正是在这样的社会背景中,耶鲁学院也面临着来自社会对学院课程的批评。在1827年的耶鲁董事会年会上,曾经的耶鲁校友、康涅狄格州议员诺伊斯•达林(Noyes Darling)提议放弃希腊语、拉丁语等“僵死语言”(dead languages)的教学。达林的批评在一定程度上代表了当时社会对耶鲁学院课程的意见。为了应对这种批评的声音,耶鲁学院组成了由校长杰里迈亚•戴(Jeremiah Day)为首的“五人委员会”调查学院的课程状况并做出回应。1828年9月,委员会提交了名为《有关耶鲁学院教学课程的调查报告》(Reports on the Courses of Instruction in Yale College),这便是此后对美国高等教育产生深刻影响并引起广泛争议的《耶鲁报告》[1]。
《耶鲁报告》主要由两部分组成,一部分是委员会声明,另一部分是由学院教师撰写的报告。教师报告部分又分为两章,第一章由校长戴亲自执笔,主要解释了耶鲁学院所秉持的教育目的和计划;第二章由古典语言教授詹姆斯•金斯利(James Kingsley)撰写,论证了古典语言在学院教育中的意义。
《耶鲁报告》认为学院教育的主要目的在于为更高的专业教育奠定基础。为了完成这个目标,学院的主要工作是对学生进行“头脑的训练(discipline)和装备(furniture)”[2]。报告指出,耶鲁并不反对课程改革,但是却不赞同某种一味追求“新模式”(new-modelled)的理念。事实上,耶鲁渐进的课程改革政策已经将化学、矿物学、地质学和政治经济学等学科引入课程。对于当时美国社会对学院古典课程的批评,以及欧洲高等教育的新进展,尤其是德国高等教育的发展,《耶鲁报告》都进行了一一回应。报告认为美国的学生在心智的成熟程度上无法与德国的学生相比,因此照搬德国的大学模式对于美国的学院并不是明智的。
对于是否应该摒弃古典语言的教学,《耶鲁报告》予以了坚决的否定。报告认为,如果要完成一种彻底的教育(a thorough education),就需要依据学生的心智官能(mental faculties)来调配课程。在这个课程的体系中,古典语言不仅具有陶冶品格和训练心智的价值,同时也具备了一定的实用性,是更高专业教育的基础所在。
二、保守主义的辩词进步主义史学对《耶鲁报告》的认识
可以说,哈佛学院自1636年建立以来,对美国高等教育的历史书写就一直在进行着。早期的美国高等教育史是以记录某些学院的校史为主,其主题一般比较狭隘,集中关注学校的管理者与教师,长于叙事,短于分析探究。直至19世纪下半叶,随着历史学科的科学化进程,美国的高等教育史学才由一批专业的历史学家逐渐建立起来。一般认为,系统的美国高等教育史学研究始自赫伯特•亚当斯(Herbert B. Adams)在约翰•霍普金斯大学所开设的习明纳[3]。

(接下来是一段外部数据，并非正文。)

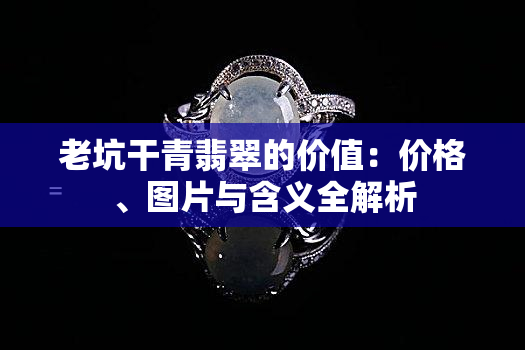 老坑干青翡翠的价值：价格、图片与含义全解析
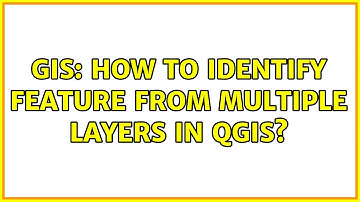 GIS: How to identify feature from multiple layers in QGIS? (2 Solutions!!)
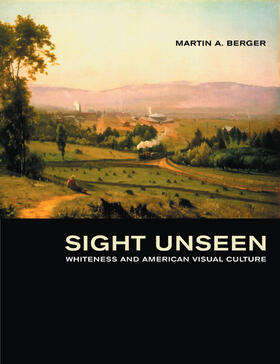 Berger |  Sight Unseen - Whiteness and American Visual Culture | Buch |  Sack Fachmedien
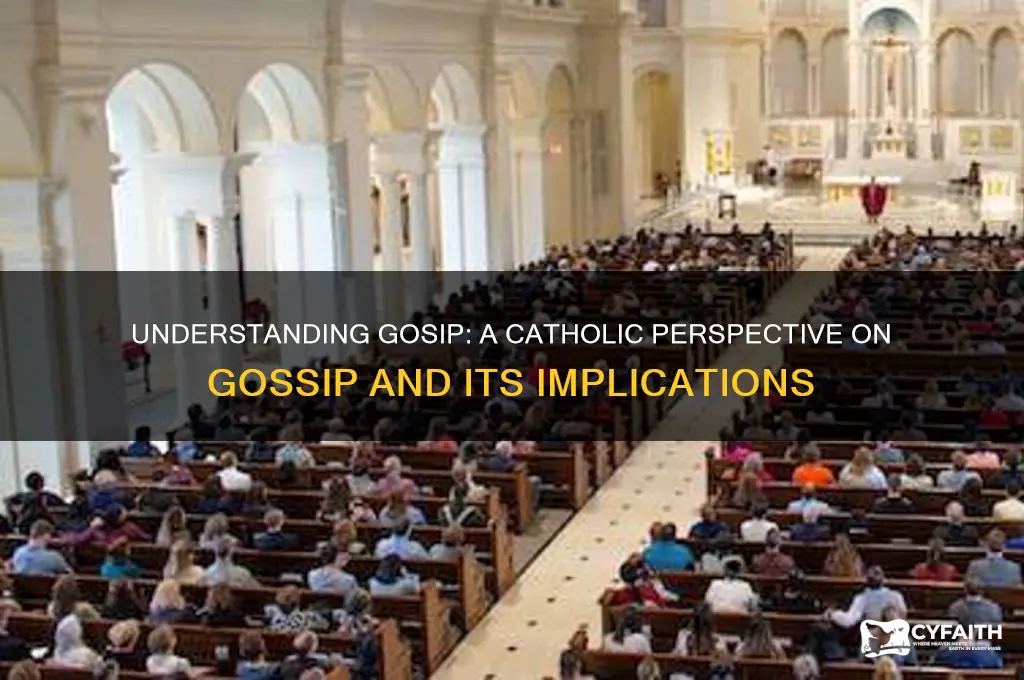 what is gosip in terms of catholic terms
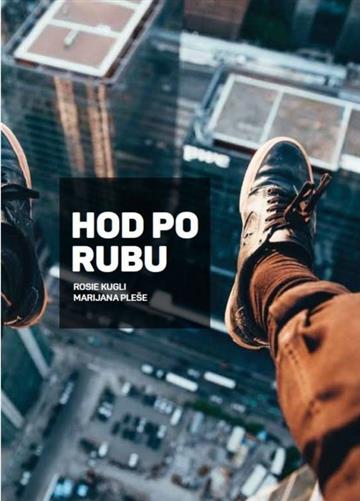 Knjiga Hod po rubu autora Rosie Kugli; Marijana Pleše izdana 2017 kao meki uvez dostupna u Knjižari Znanje.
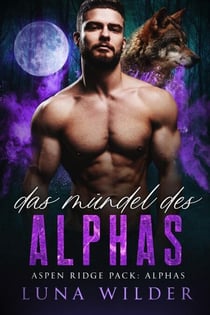 Das Mündel des Alphas - Aspen Ridge Pack: The Alphas, #1
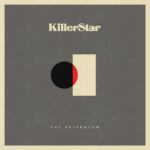 KILLERSTAR - THE AFTERGLOW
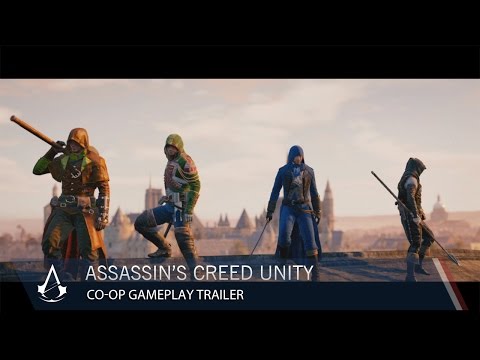 Assassin’s Creed Unity: Co-Op Gameplay Trailer | Ubisoft [NA]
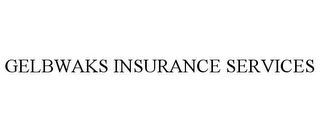 GELBWAKS INSURANCE SERVICES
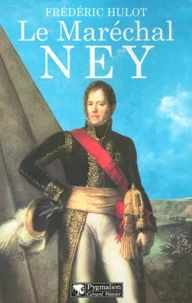 Le Marechal Ney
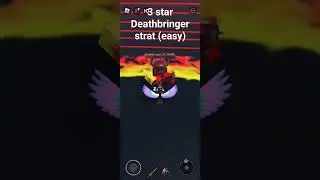 how to kill 3 star Deathbringer real [the battle bricks]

19世纪末20世纪初,美国逐渐形成进步主义史学(Progressive Historiography)主流,其代表人物是弗雷德里克•杰克逊•特纳(Frederick Jackson Turner)、查尔斯•比尔德(Charles Beard),以及弗农•帕林顿(Vernon Parrington)。“进步主义史学的理论基石是当时流行的社会达尔文主义和社会冲突论,其轴心观念乃是经济和政治的冲突”[4]。在进步主义史家的描绘下,美国的历史成为了一部美国社会和文明不断发展和壮大的历史,其进化发展的动力来自于不同地域、不同政治主张和不同经济利益集团之间的不断冲突,而冲突的最终结果则总是进步的力量战胜保守落后的势力。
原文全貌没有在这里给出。